What should customer communication look like during a wind down?

Again, two of the biggest assets you will be trying to protect during a wind down include your employees and customers. Customer communication best practices for a wind down include:

  1. Bringing in the sales people who best know the customer and the specific products and services tied to each customer. 
  2. Prioritizing top customers with your sales team and taking a “white glove” approach since you cannot have the same plan for all customers. This means being transparent about who you are and why, and what the future might look like. 
  3. Helping the customer through the transition. How can you reduce the pain of the transition for the customer during the wind down? Perhaps you can provide enough product to get the customer through the transition or maybe you can offer a discount on the product that will be wound down. 

Ultimately, being empathetic when it comes to the customer experience during a wind down will work to maintain a positive relationship and reputation. 

How can you reduce media induced panic during a wind down?

Headline and media coverage can shift the public perspective of a wind down; therefore, you want to take a similar approach to the media as you do with your customers. Leading with honesty in your press release (which should cover where you are, what you are doing, and why) is important; if you do not include the “why,” the media will often spin the wind down into a “ship is sinking” narrative. Moreover, it would be a mistake to try to avoid the media by not releasing a press release. 

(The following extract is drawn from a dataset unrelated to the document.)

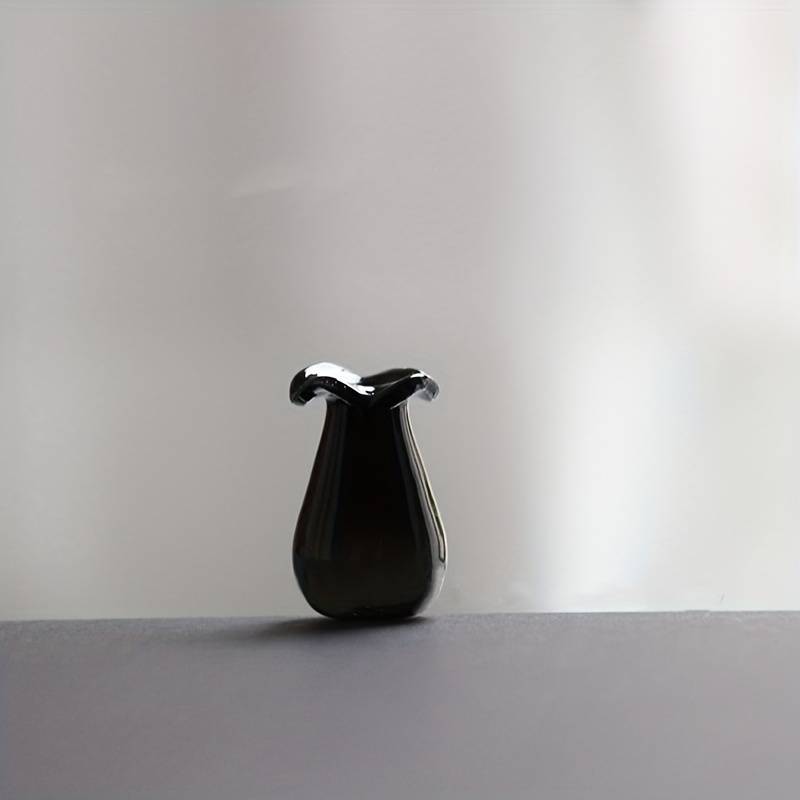 Set of Two Small Black And White Glass Vases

What should companies know about legal entity planning?

Legal entity planning should revolve around the following questions and actions:

  1. Have you integrated the legal entity?
  2. What are the dependencies?

Once you determine the dependencies, you must consider what will be done with them. Remember the legal entity is cross functional, and actions must remain focused on what is in the best interest of the company. 

What are some big picture best practices when winding down a business unit?

Again, every wind down will be different, but a summary of best practices includes the following three:

  1. Providing clarity on what you are trying to do - from the CEO or President, or whoever is in charge. 
  2. Assembling a strong team; while this is not earth shattering, having the right people involved makes the process more efficient and thorough. 
  3. Putting a robust communication plan in place; everyone on the team must be on the same page, and again, this must be clearly communicated to customers, employees, and the public.

Without the above, there will surely be more “learning on the go” and obstacles throughout the process. 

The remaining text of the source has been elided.